- **INPUT MATERIAL**:
* * *
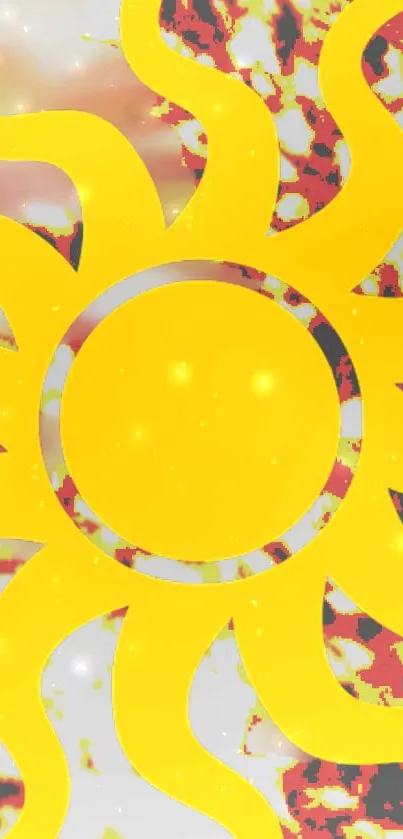 Vibrant sun design with abstract yellow background.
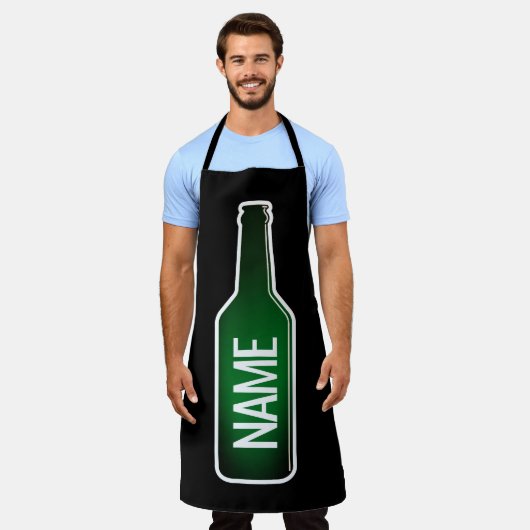 Bouteille de bière verte personnalisée tablier BBQ (Porté)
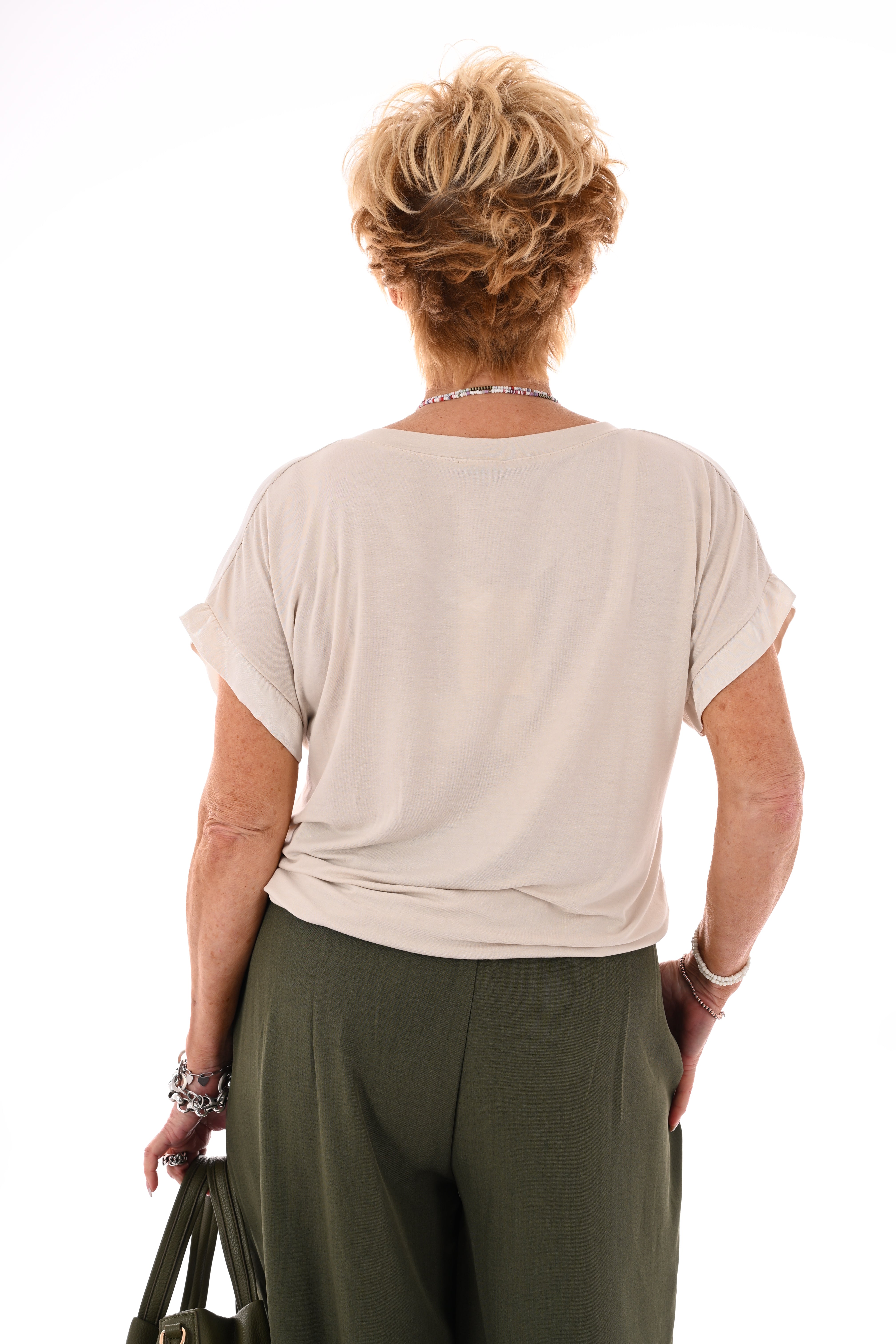 Top silky korte mouwen v-hals beige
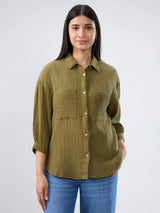 Women Shirt Solid Green Regular Fit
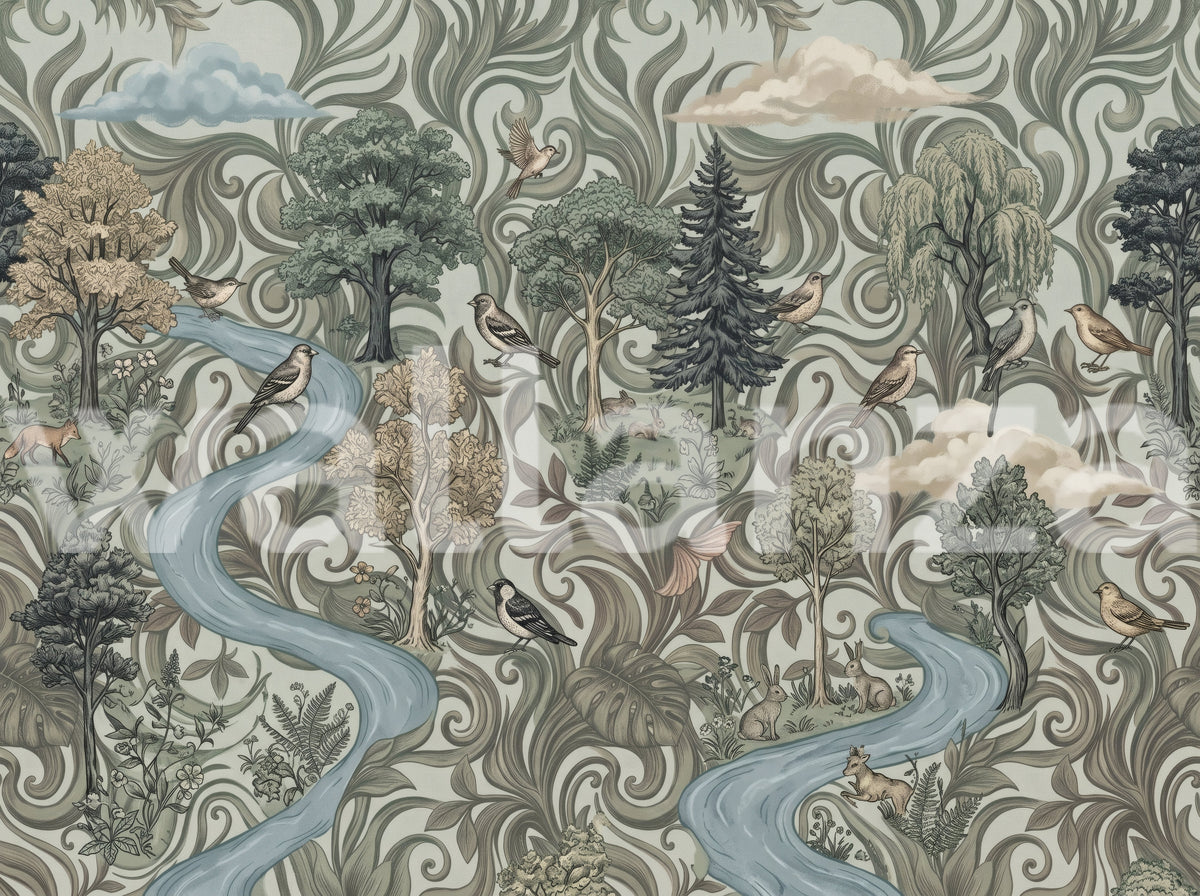 Woodland forest mural with green trees, birds, and a winding river across a scene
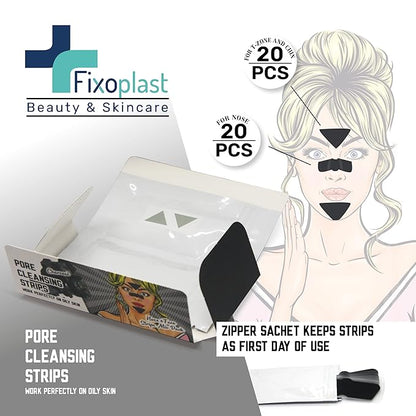 Pore Cleansing Strips, Blackhead remover for nose, chin and T-zone, Charcoal (Charcoal, 40)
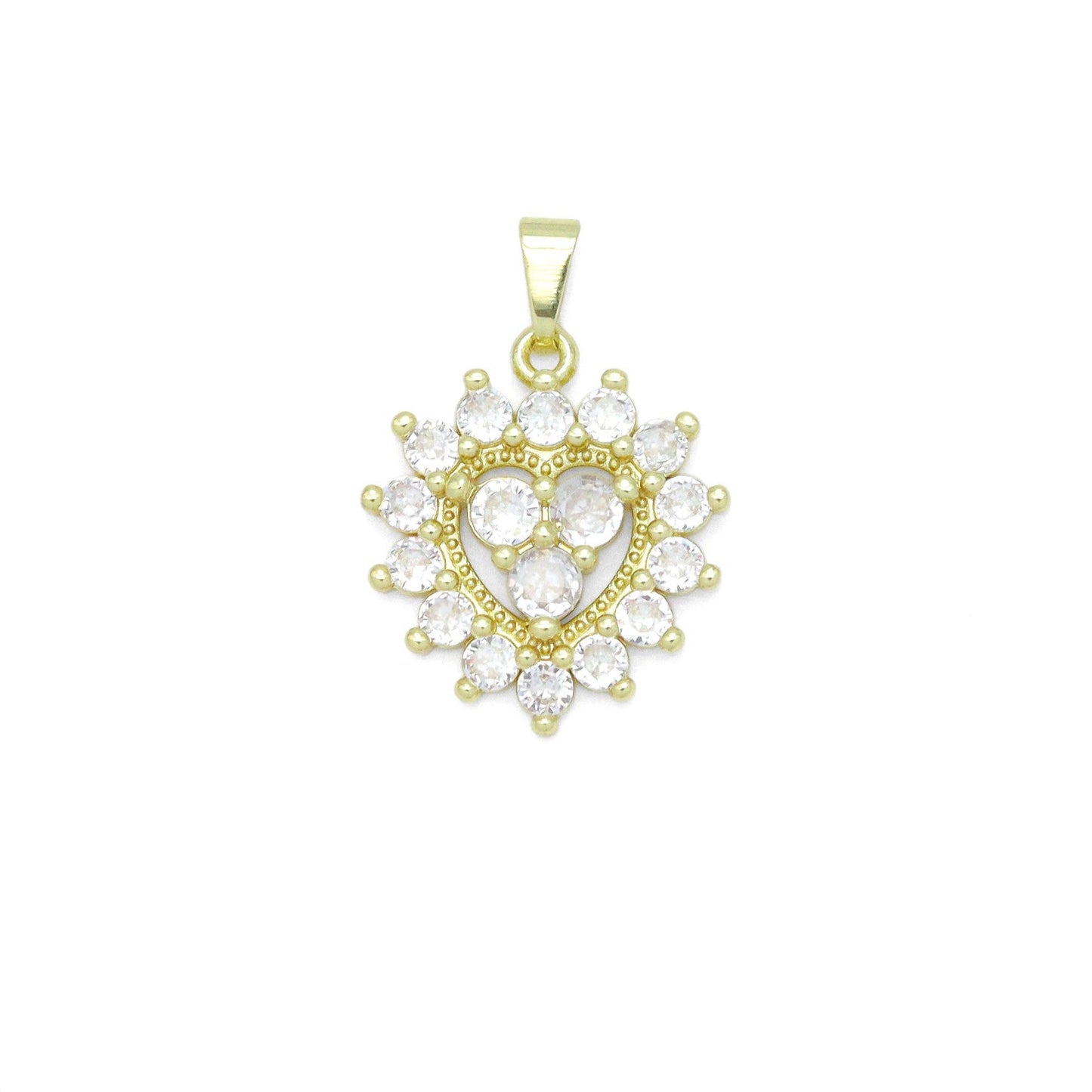 Clear CZ Diamond Around Heart Charm Pendant, Sku#LK1075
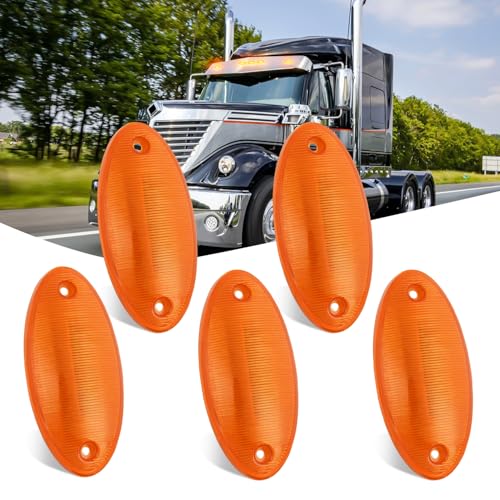 Nilight Cab Roof Marker Light 5 PCS 4 LED Amber Top Clearance Indicator Lights Waterproof Surface Mount for Heavy Duty Trucks Trailer RV Camper Tractor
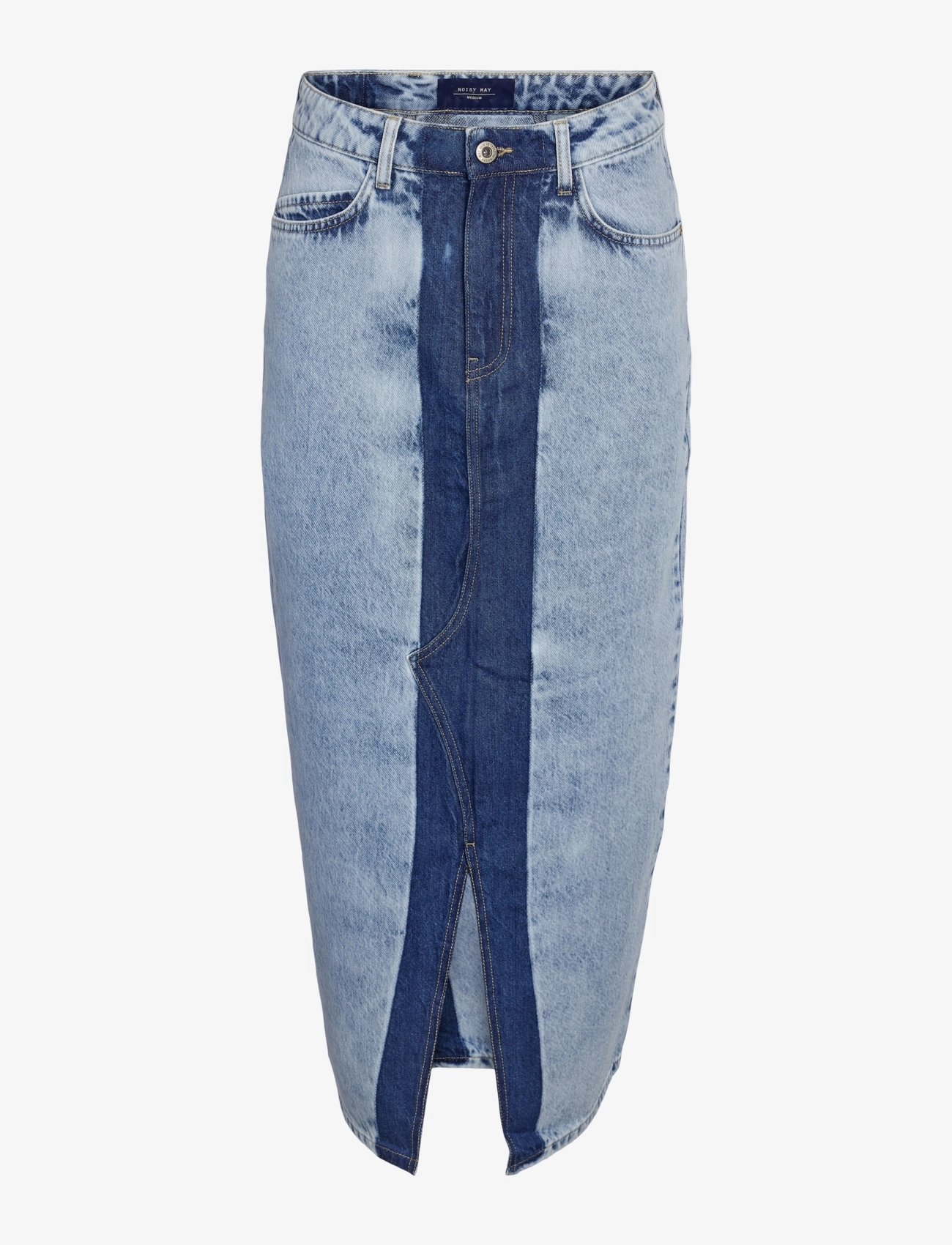 NOISY MAY NMRINNA NW SLIT LONG SKIRT COLORBLOCK - Nederdele - MEDIUM BLUE DENIM / blue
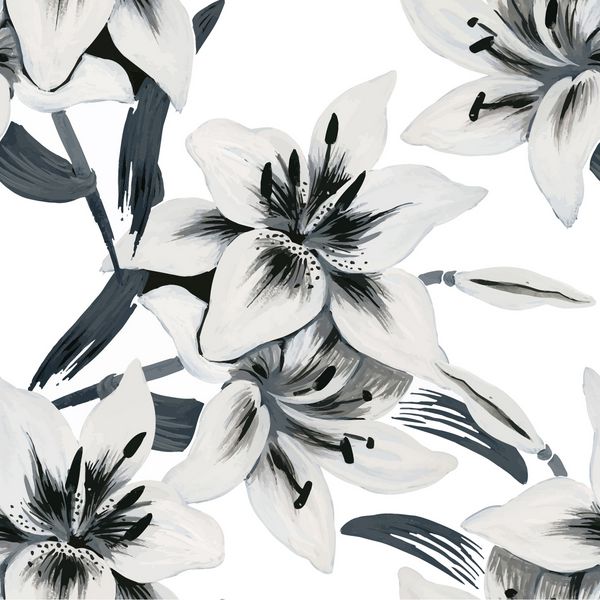 الگوی بدون درز گل های نیلوفرهای زیبا در وکتور پس زمینه سفید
* * *
Return every entry above exactly as written, with no pictures included.

- **PROBLEM SOLUTION**:
 Vibrant sun design with abstract yellow background.
 Bouteille de bière verte personnalisée tablier BBQ (Porté)
 Top silky korte mouwen v-hals beige
 Women Shirt Solid Green Regular Fit
 Woodland forest mural with green trees, birds, and a winding river across a scene
 Pore Cleansing Strips, Blackhead remover for nose, chin and T-zone, Charcoal (Charcoal, 40)
 Clear CZ Diamond Around Heart Charm Pendant, Sku#LK1075
 Nilight Cab Roof Marker Light 5 PCS 4 LED Amber Top Clearance Indicator Lights Waterproof Surface Mount for Heavy Duty Trucks Trailer RV Camper Tractor
 NOISY MAY NMRINNA NW SLIT LONG SKIRT COLORBLOCK - Nederdele - MEDIUM BLUE DENIM / blue
 الگوی بدون درز گل های نیلوفرهای زیبا در وکتور پس زمینه سفید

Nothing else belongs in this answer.